We recently published the IQ scores for major ethnic groups, based on the broadly representative Adolescent Brain Cognitive Development sample. These ethnic averages correlated very strongly (r = .90 to .94) with scholastic aptitude scores (SAT or ACT scores) based on nationally representative samples of American-born college students between the years 2012 and 2020.  The aptitude scores came from the NPSAS surveys, which, unfortunately, have a limited number of ethnic classifications.

As Dalliard noted, understanding racial/ethnic differences in aptitude tests is important since it is a guide to the composition of the USA’s future cognitive elite.  Since different ethnic groups have different political interests, which, in turn, shape policy, understanding the cognitive capital of ethnic groups is essential to predicting the trajectory of the USA in the coming century.

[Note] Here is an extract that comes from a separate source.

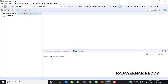Hi friends, this is Rashekarati. In the previous video we downloaded and installed the GlassFish server, and we also saw creating domains, starting the domain, and stopping the domain. In this video, in order to work with web services, I am showing the GlassFish server.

While no open-source national surveys provide data on SAT/ACT scores decomposed by detailed ethnic groups, Common Application provides some data for USA citizens and residents.  Common App is an undergraduate college admission application service that allows one to apply to over one thousand member colleges in the USA. While the data sample is large, with over 1 million applicants each year, several issues have been reported by Freeman et al. (2021):

  • The percentage of applicants reporting a test score fell from 70 and 73% in 2018-19 and 2019-20 to 40% in 2020-21. This is likely due to 89%  of Common App’s members (900+ colleges) no longer requiring SAT/ACT for admission in 2020-21.
  • Nearly 60% of applicants applied from ZIP Codes in the top 20% of the median household income distribution. The decline in reporting rates between 2019-20 and 2020-21 was greater in lower-income communities.
  • Underrepresented minorities (not including Asians) report test scores at lower rates than non-underrepresented minorities (71% vs 77%). The drop in reporting rates between 2019-20 and 2020-21 was larger for underrepresented minorities (31% vs 47%).
  • In 2019-20, 78% of non-first-generation students reported test scores versus 69% of first-generation students while in 2020-2021 the rates were 48% and 30%.
  • Applications to private, more selective institutions were the most likely to include test scores (83% in 2019–20 and 44% in 2020–21), while applications to private, less selective institutions were the least likely to include test scores (67% and 28%).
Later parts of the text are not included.